[Caption-style text data]
┄┄┄┄┄┄

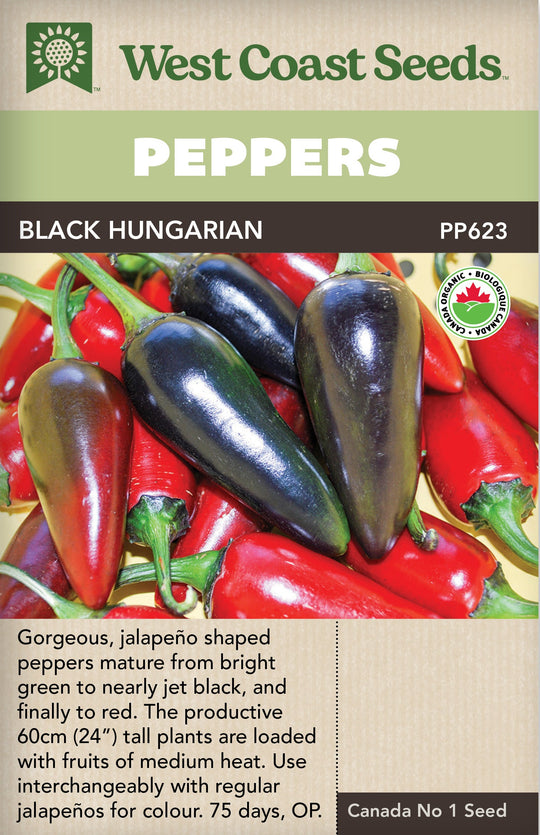 Organic Pepper Black Hungarian  - West Coast Seeds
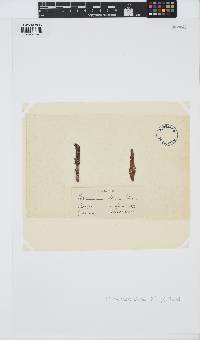 Ptilothamnion pluma image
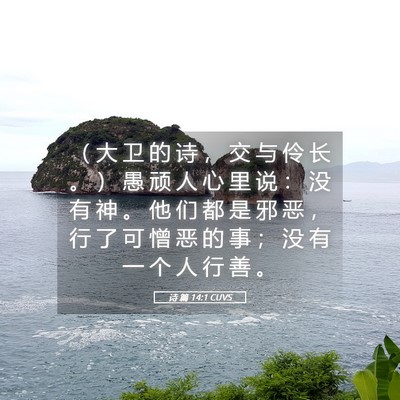 Picture 05 - 诗 篇 14:1 CUVS - （ 大 卫 的 诗 ， 交 与 伶 长 。 ） - Bible Verse Picture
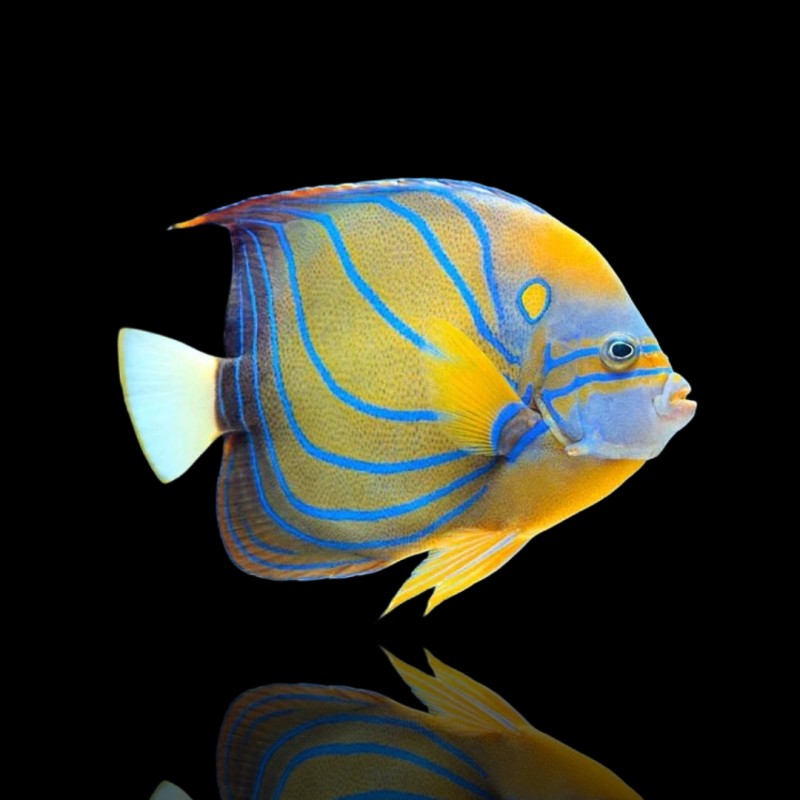 Pomacanthus Annularis | Coralandfishstore.nl Pomacanthus Annularis | Coralandfishstore.nl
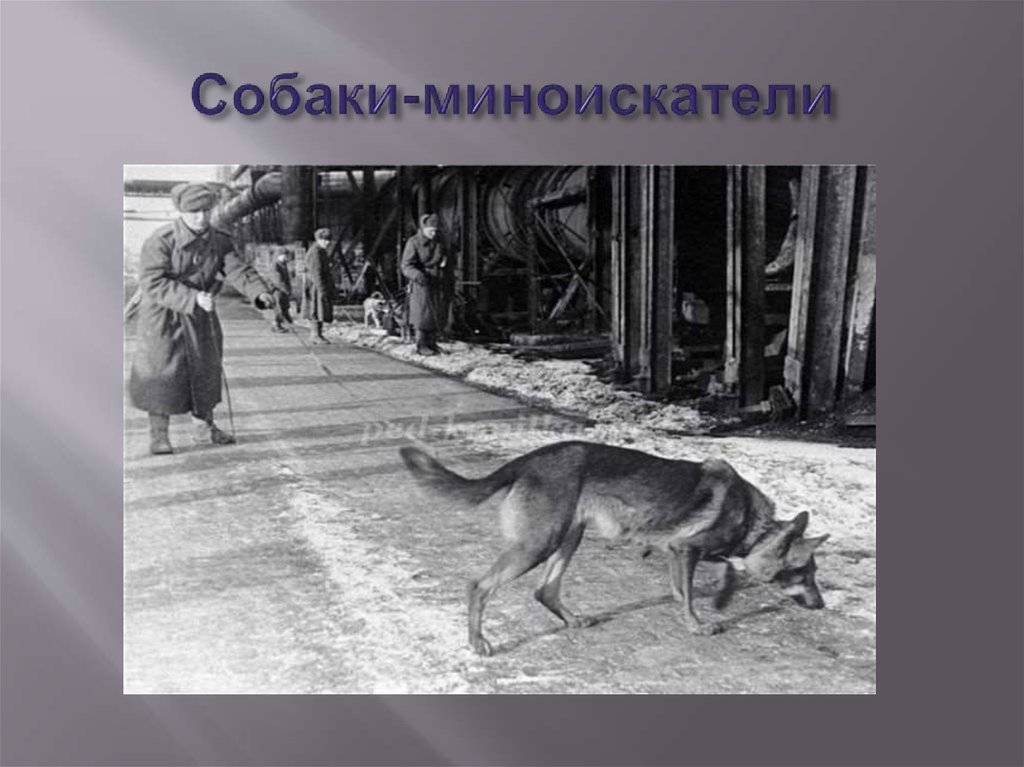 Собаки-миноискатели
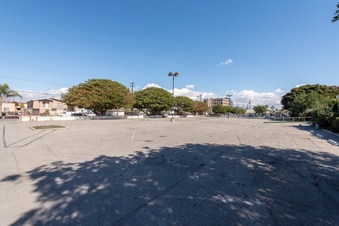 Enlarge photo 85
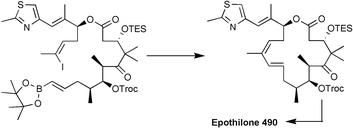 Graphical abstract: Application of hitherto unexplored macrocyclization strategies in the epothilone series: novel epothilone analogs by total synthesis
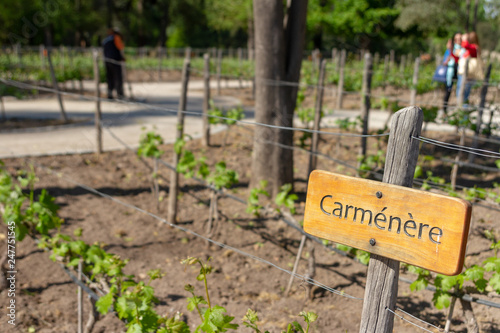 Carmenere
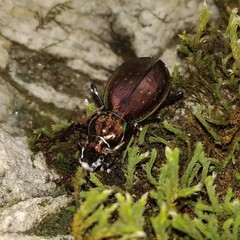 Carabus depressus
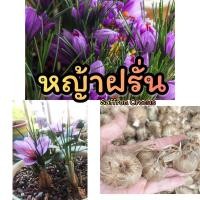 ราคา มีของพร้อมส่ง Saffron Crocus หญ้าฝรั่น (23776254859)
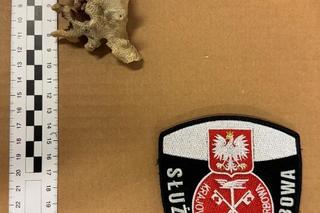 Przywiozła sobie piękną pamiątkę z Egiptu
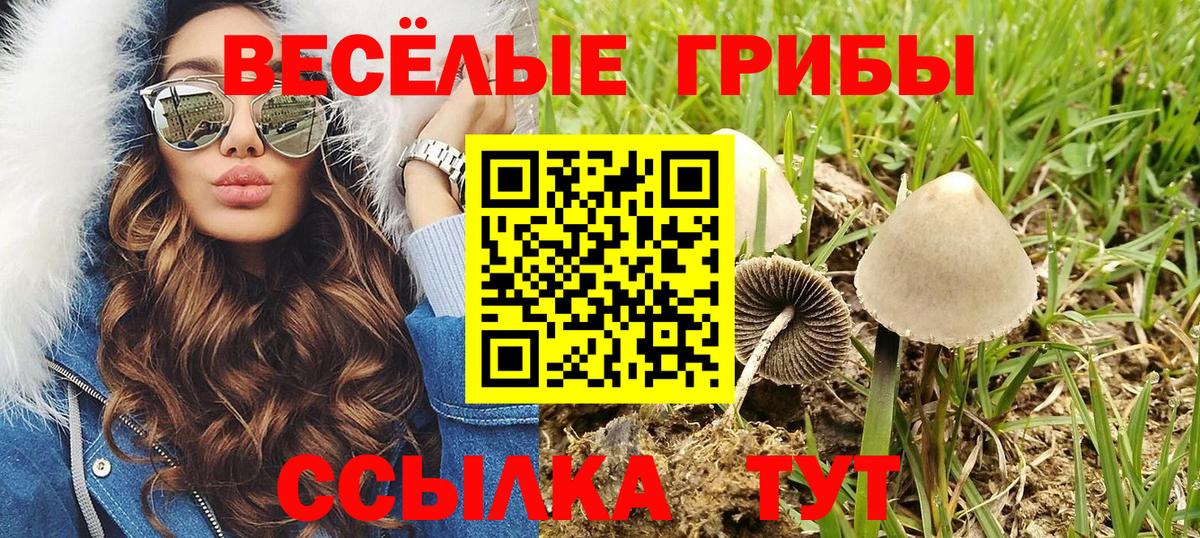 Псилоцибиновые грибы Psilocybine cubensis Ростов-на-Дону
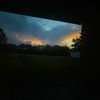 iliketacosbcs_imbella
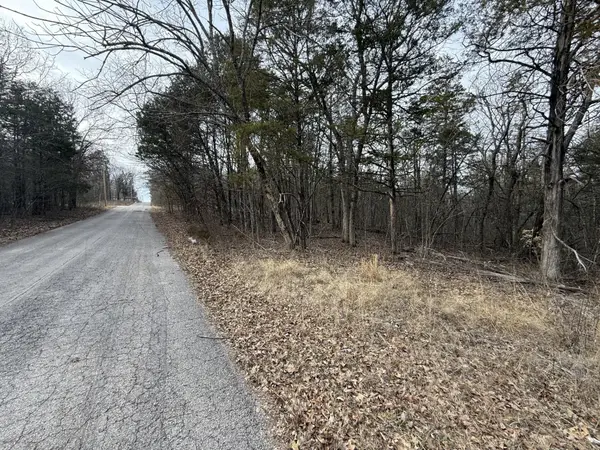 130, 131 Turkey Mountain Estates #2, Abesville, MO 65656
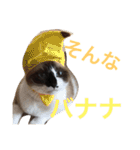 シャム猫のムーは自宅警備員！追加版（個別スタンプ：27）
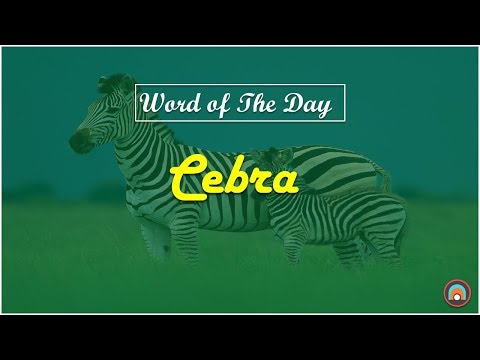 How To Write Zebra In Spanish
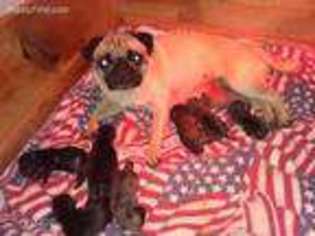 Pug Puppy for sale in Rockvale, CO, USA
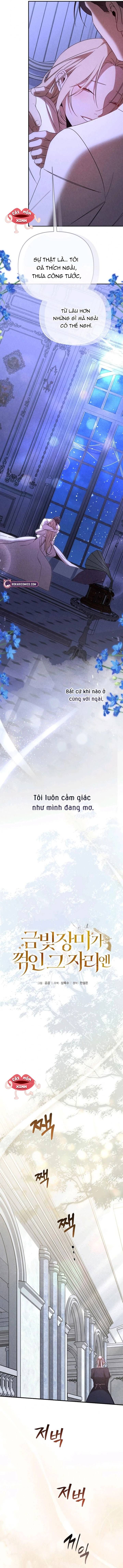 Nơi Đóa Hồng Vàng Úa Tàn - Chapter 24 - Page 8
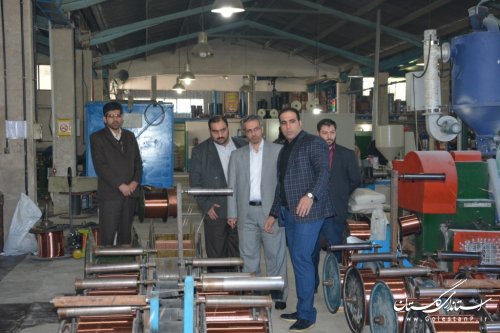 بازدید مدیرکل آموزش فنی وحرفه ای از کارخانه تولیدی بافه سیم گلستان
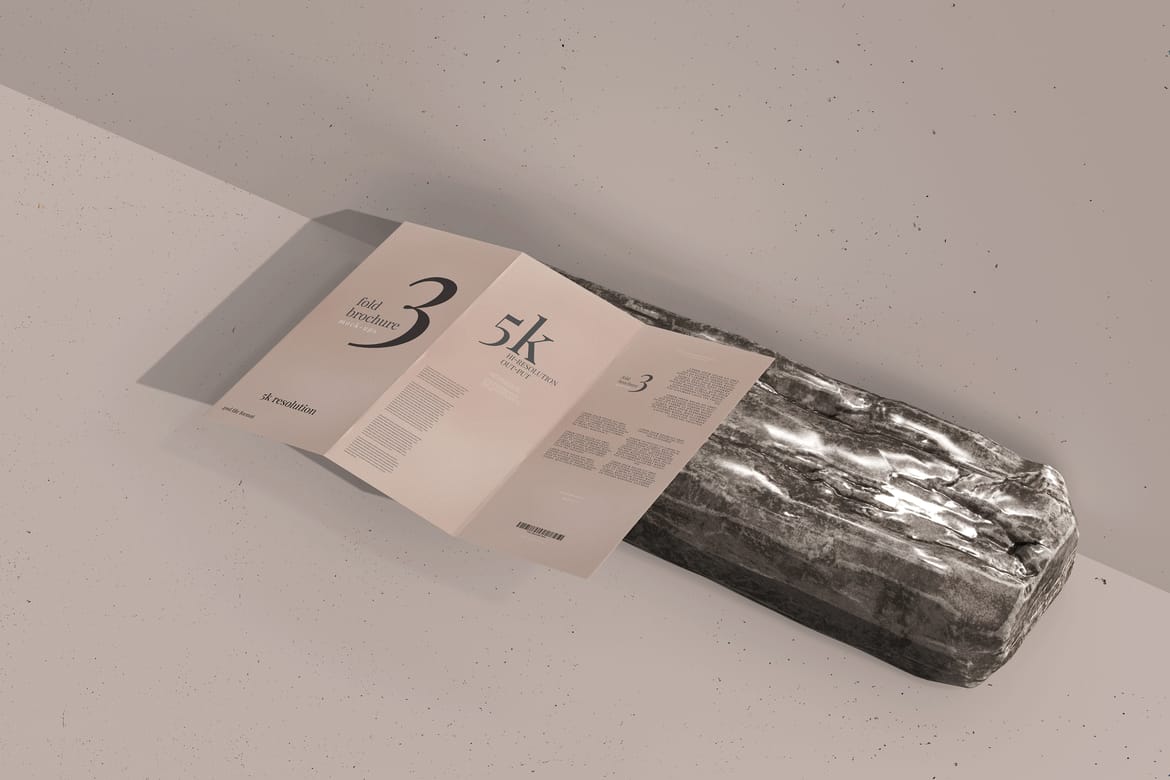 Tri Fold DL Brochure Mockups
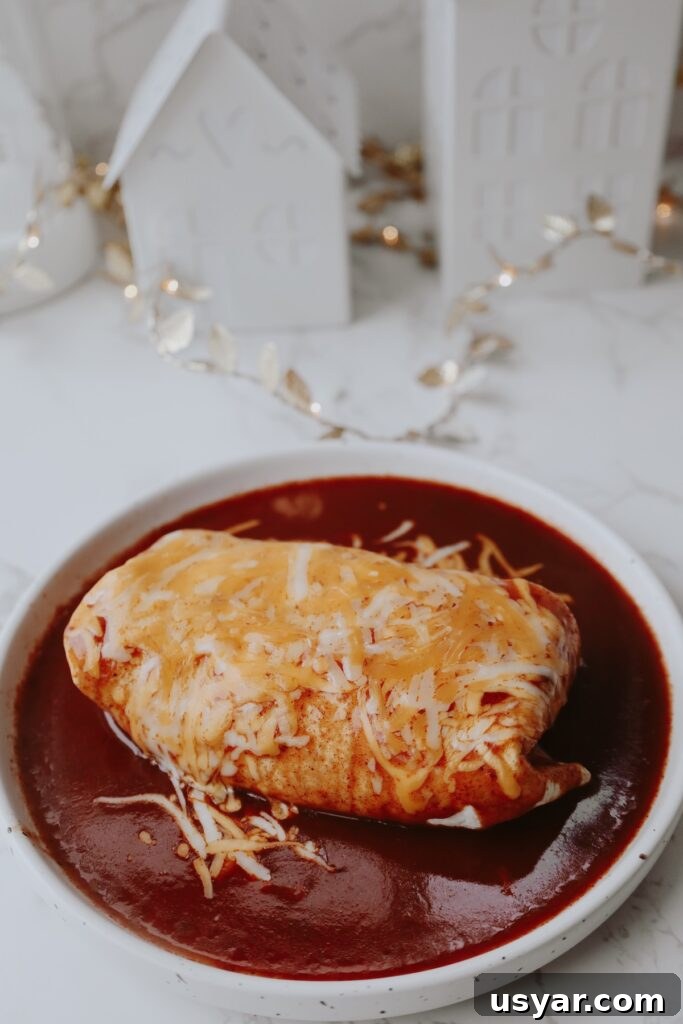 burrito with melted cheese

┄┄┄┄┄┄

**Exercise directions:** Using the entries above, transcribe every line from the line containing "Ptilothamnion pluma image" through the line containing "Nơi Đóa Hồng". Do not copy pictures.

**Task solution:**
 Ptilothamnion pluma image
 Picture 05 - 诗 篇 14:1 CUVS - （ 大 卫 的 诗 ， 交 与 伶 长 。 ） - Bible Verse Picture
 Pomacanthus Annularis | Coralandfishstore.nl Pomacanthus Annularis | Coralandfishstore.nl
 Собаки-миноискатели
 Enlarge photo 85
 Graphical abstract: Application of hitherto unexplored macrocyclization strategies in the epothilone series: novel epothilone analogs by total synthesis
 Carmenere
 Carabus depressus
 ราคา มีของพร้อมส่ง Saffron Crocus หญ้าฝรั่น (23776254859)
 Przywiozła sobie piękną pamiątkę z Egiptu
 Псилоцибиновые грибы Psilocybine cubensis Ростов-на-Дону
 iliketacosbcs_imbella
 130, 131 Turkey Mountain Estates #2, Abesville, MO 65656
 シャム猫のムーは自宅警備員！追加版（個別スタンプ：27）
 How To Write Zebra In Spanish
 Pug Puppy for sale in Rockvale, CO, USA
 Nơi Đóa Hồng Vàng Úa Tàn - Chapter 24 - Page 8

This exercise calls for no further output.